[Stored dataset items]
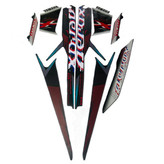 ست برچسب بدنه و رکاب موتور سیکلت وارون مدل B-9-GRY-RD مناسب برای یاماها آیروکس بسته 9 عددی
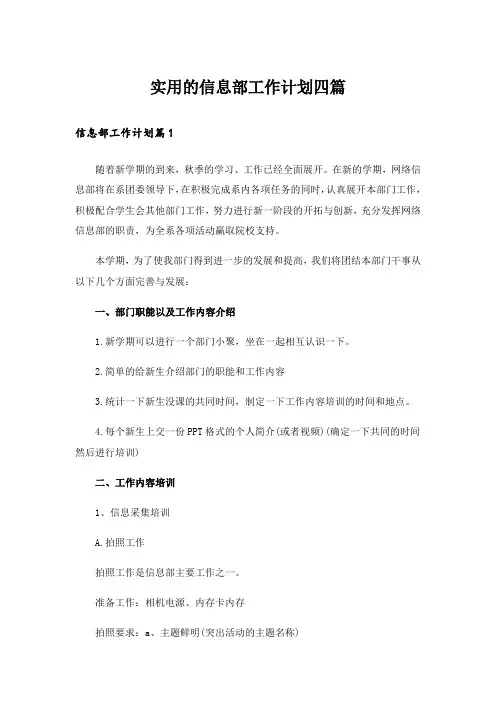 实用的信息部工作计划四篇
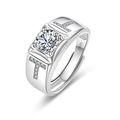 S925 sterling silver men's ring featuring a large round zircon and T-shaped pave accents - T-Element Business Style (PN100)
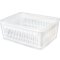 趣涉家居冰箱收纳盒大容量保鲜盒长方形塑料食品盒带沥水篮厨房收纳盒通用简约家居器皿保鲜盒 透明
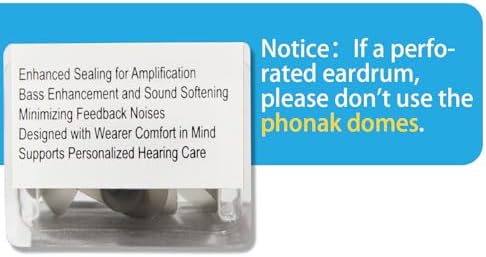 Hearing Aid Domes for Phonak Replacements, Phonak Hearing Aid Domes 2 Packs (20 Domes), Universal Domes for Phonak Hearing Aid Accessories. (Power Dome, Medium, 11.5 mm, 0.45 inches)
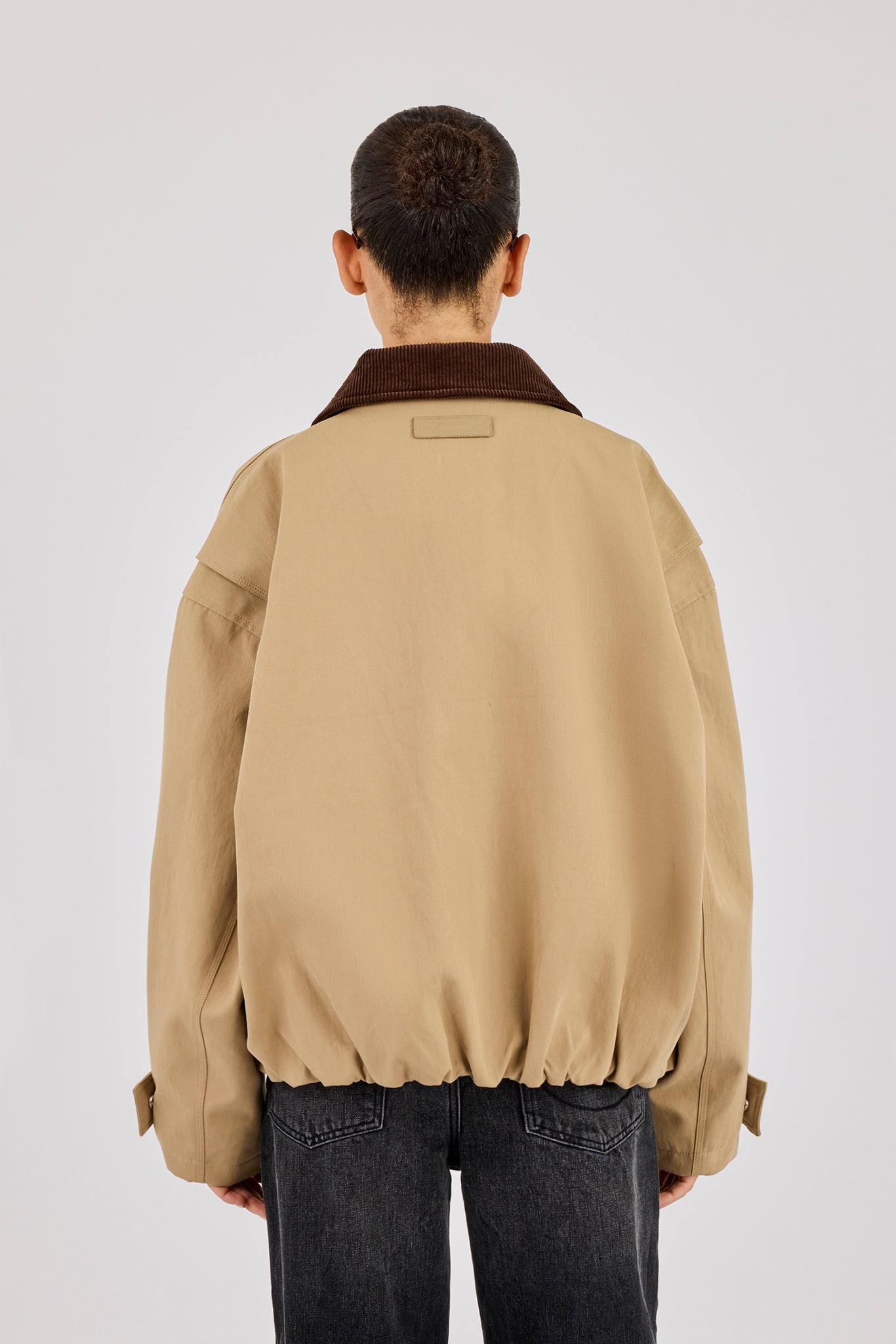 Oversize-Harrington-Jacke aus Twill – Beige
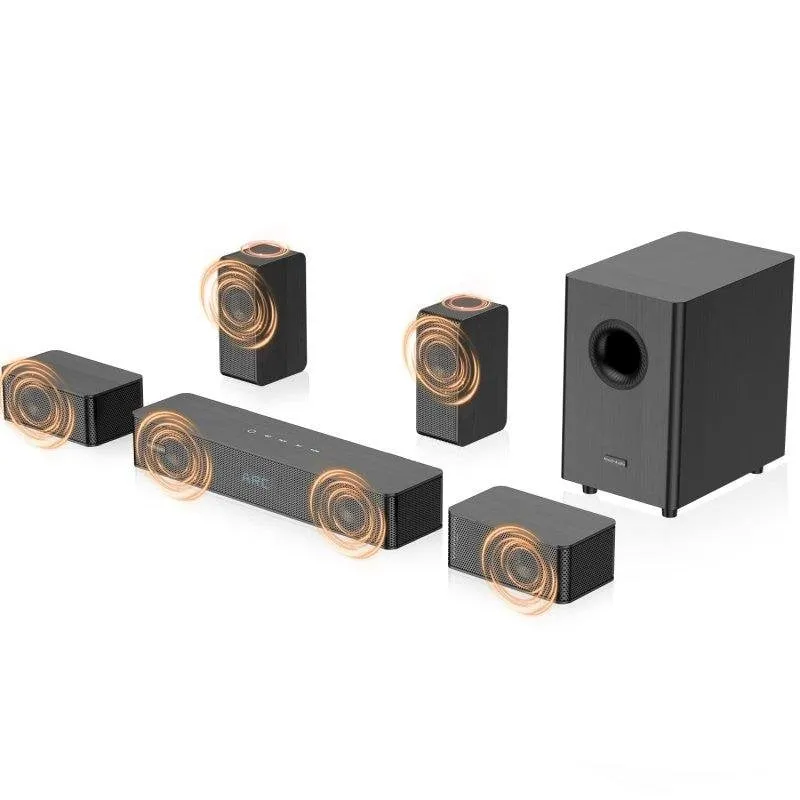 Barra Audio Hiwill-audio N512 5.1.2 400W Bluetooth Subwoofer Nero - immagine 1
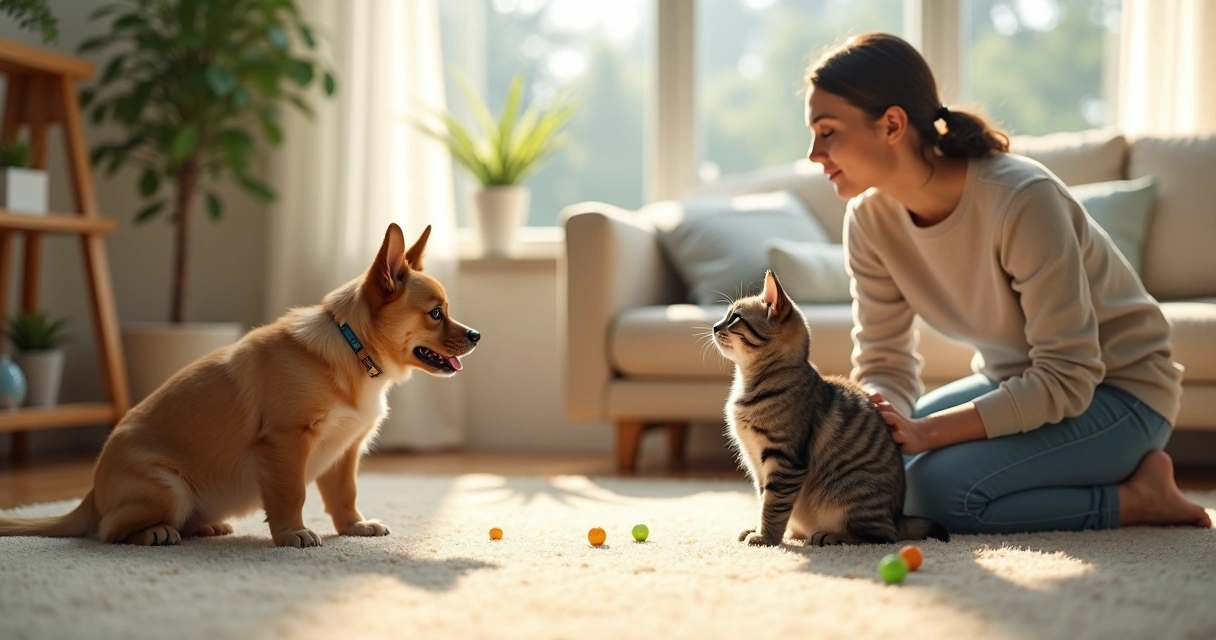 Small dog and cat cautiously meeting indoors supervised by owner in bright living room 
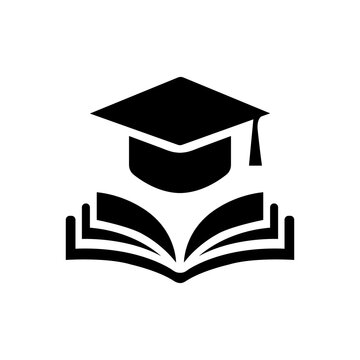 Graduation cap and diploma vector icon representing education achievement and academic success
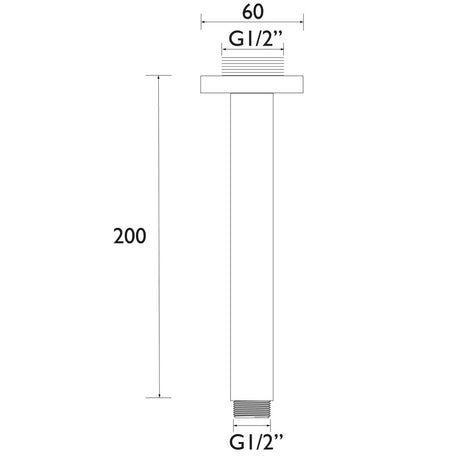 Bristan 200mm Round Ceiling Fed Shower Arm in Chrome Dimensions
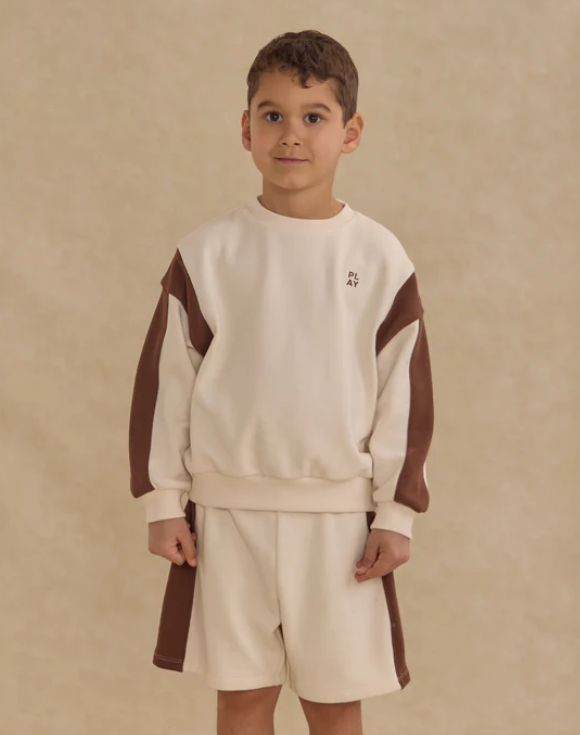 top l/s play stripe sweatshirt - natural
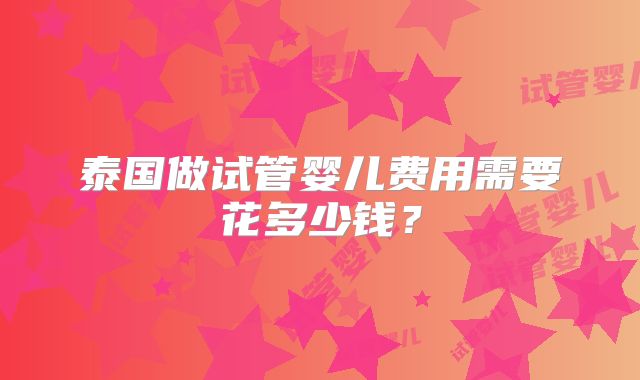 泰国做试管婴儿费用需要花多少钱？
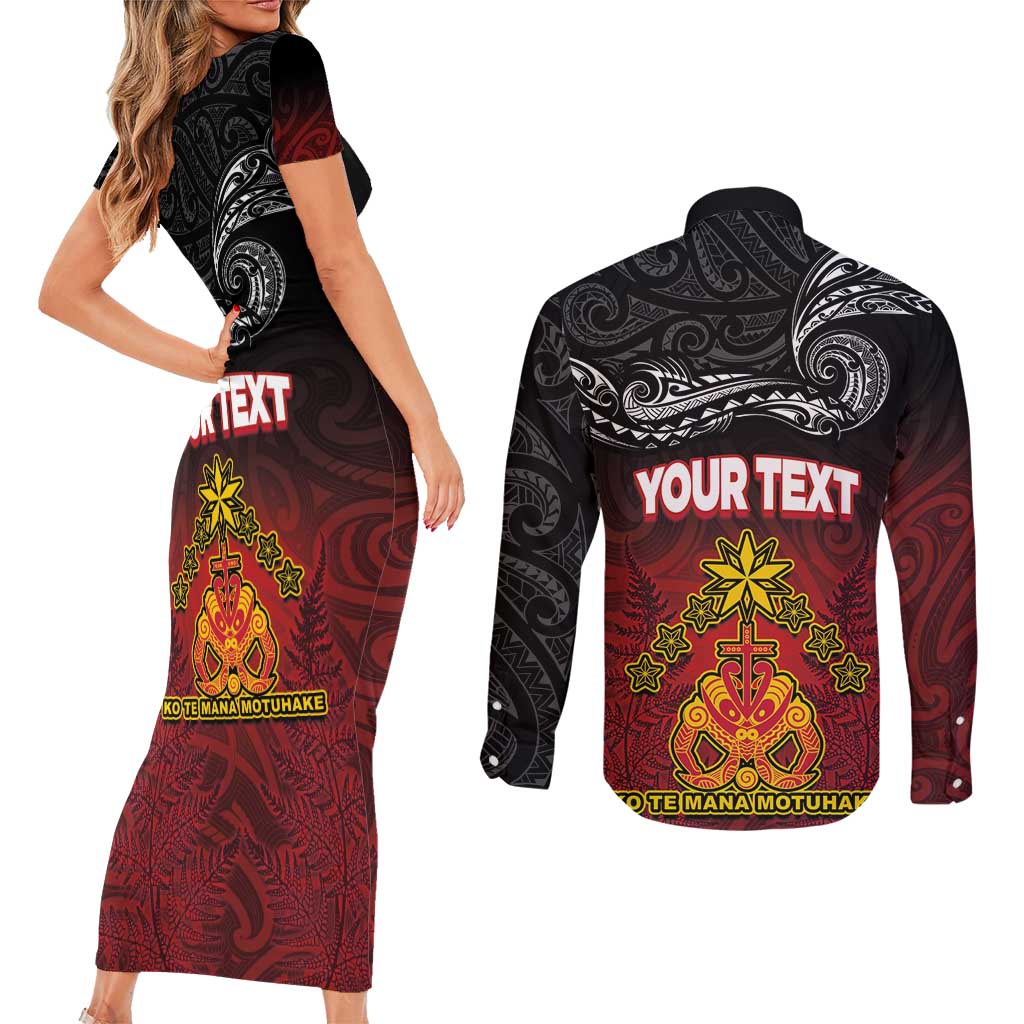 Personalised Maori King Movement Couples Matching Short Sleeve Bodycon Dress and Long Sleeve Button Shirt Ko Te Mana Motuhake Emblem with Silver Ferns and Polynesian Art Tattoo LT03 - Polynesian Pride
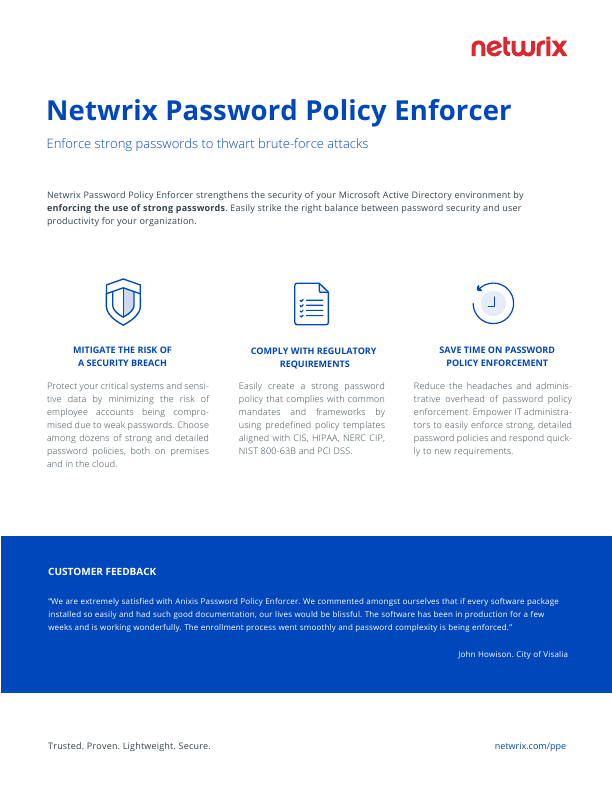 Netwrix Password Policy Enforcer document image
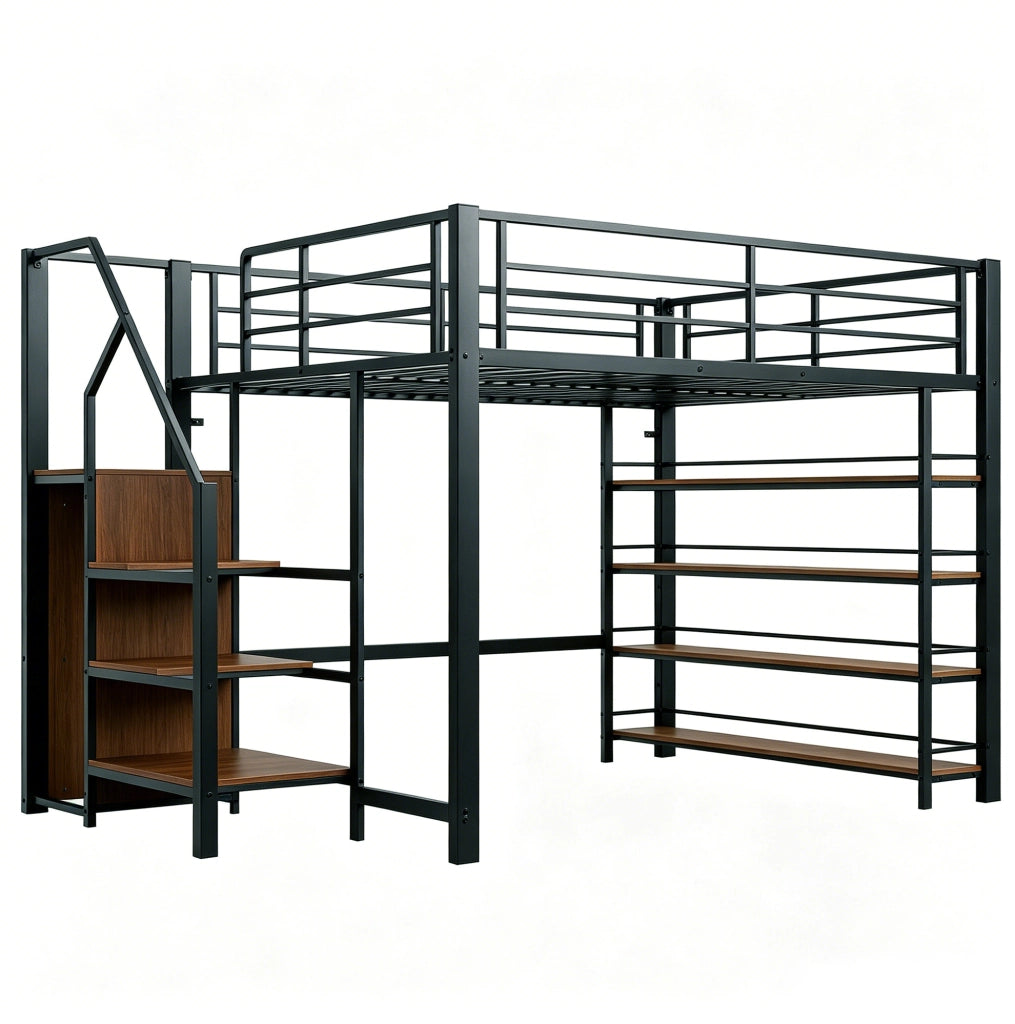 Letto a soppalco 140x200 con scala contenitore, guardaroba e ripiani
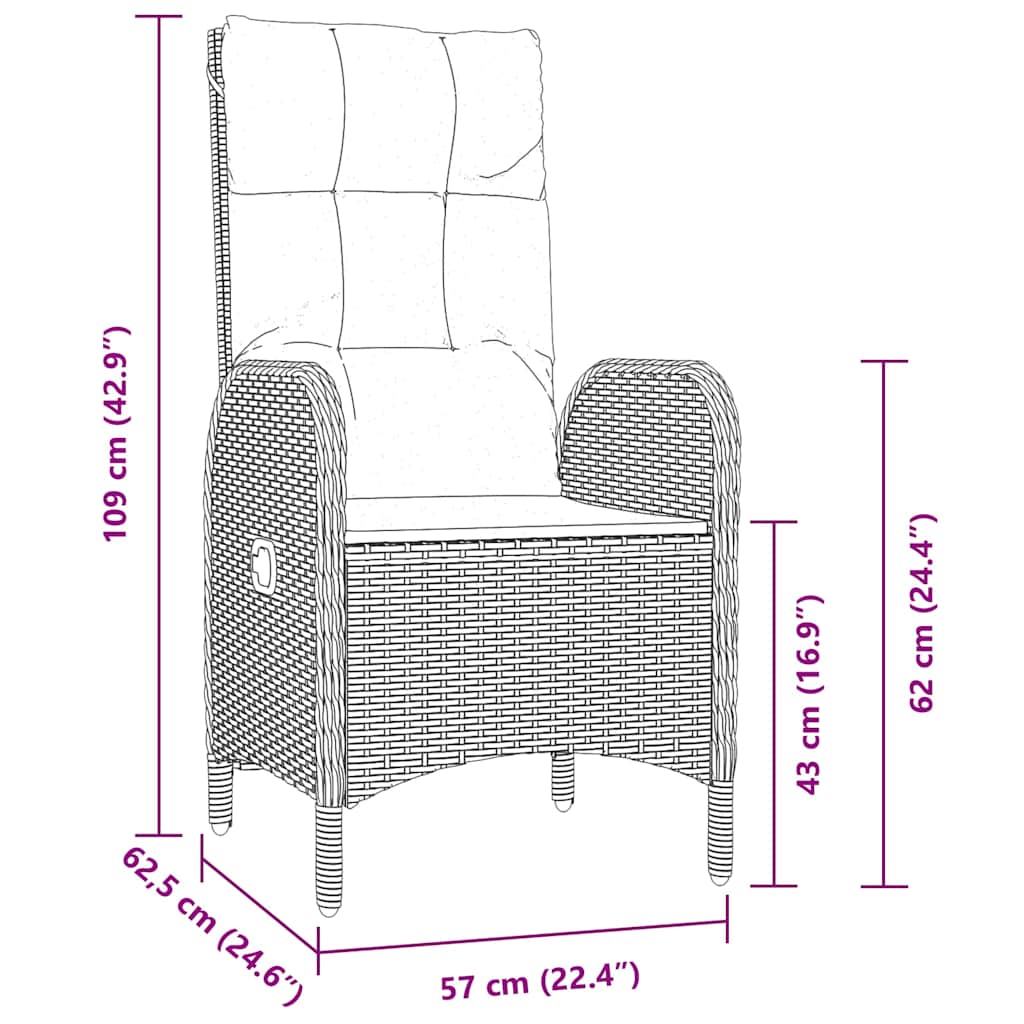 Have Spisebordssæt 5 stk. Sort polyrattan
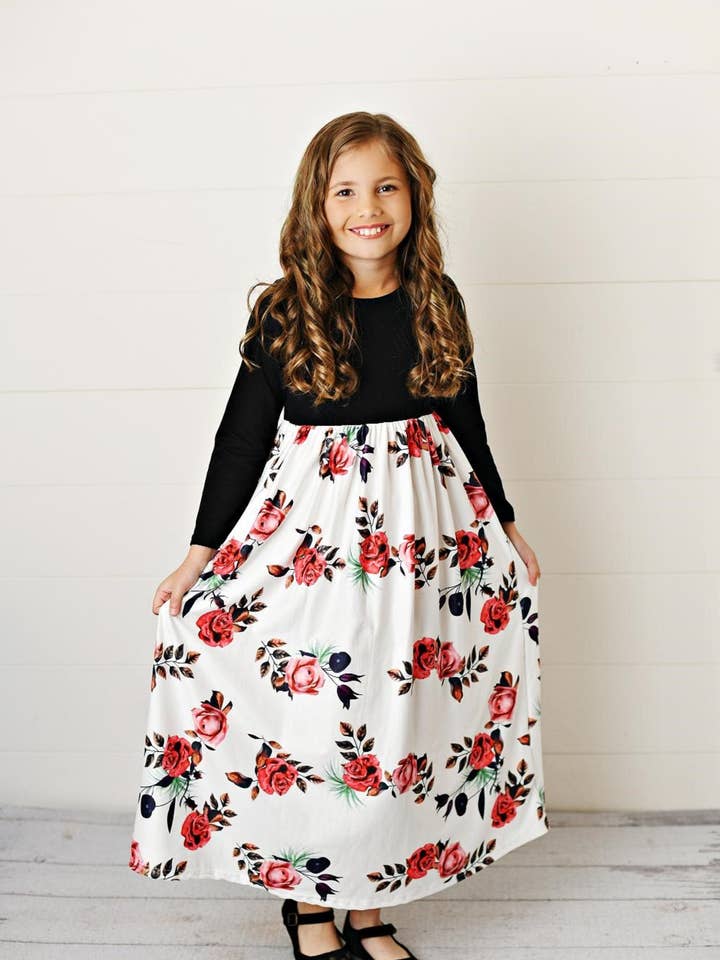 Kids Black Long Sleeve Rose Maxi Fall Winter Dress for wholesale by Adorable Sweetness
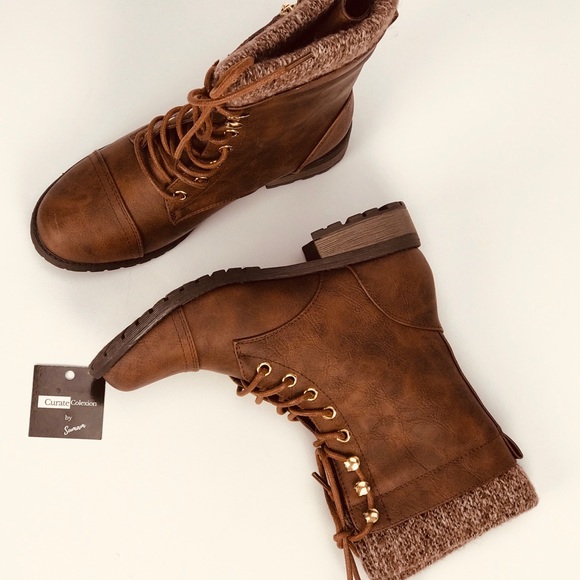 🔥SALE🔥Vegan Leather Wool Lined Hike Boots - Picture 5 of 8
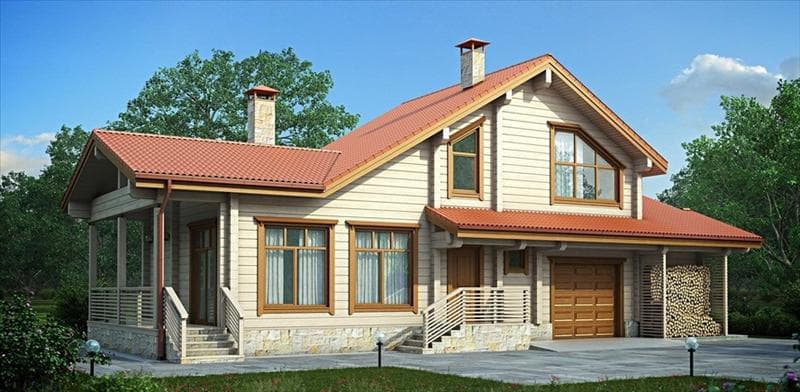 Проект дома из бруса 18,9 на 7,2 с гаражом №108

» **What is expected**
Your task is to write out, exactly and without pictures, only the lines from the one holding "泰国做试管婴儿费用需要花多少钱？" to the last line of the data.

» **Reply**
 泰国做试管婴儿费用需要花多少钱？
 Personalised Maori King Movement Couples Matching Short Sleeve Bodycon Dress and Long Sleeve Button Shirt Ko Te Mana Motuhake Emblem with Silver Ferns and Polynesian Art Tattoo LT03 - Polynesian Pride
 Netwrix Password Policy Enforcer document image
 Letto a soppalco 140x200 con scala contenitore, guardaroba e ripiani
 Have Spisebordssæt 5 stk. Sort polyrattan
 Kids Black Long Sleeve Rose Maxi Fall Winter Dress for wholesale by Adorable Sweetness
 🔥SALE🔥Vegan Leather Wool Lined Hike Boots - Picture 5 of 8
 Проект дома из бруса 18,9 на 7,2 с гаражом №108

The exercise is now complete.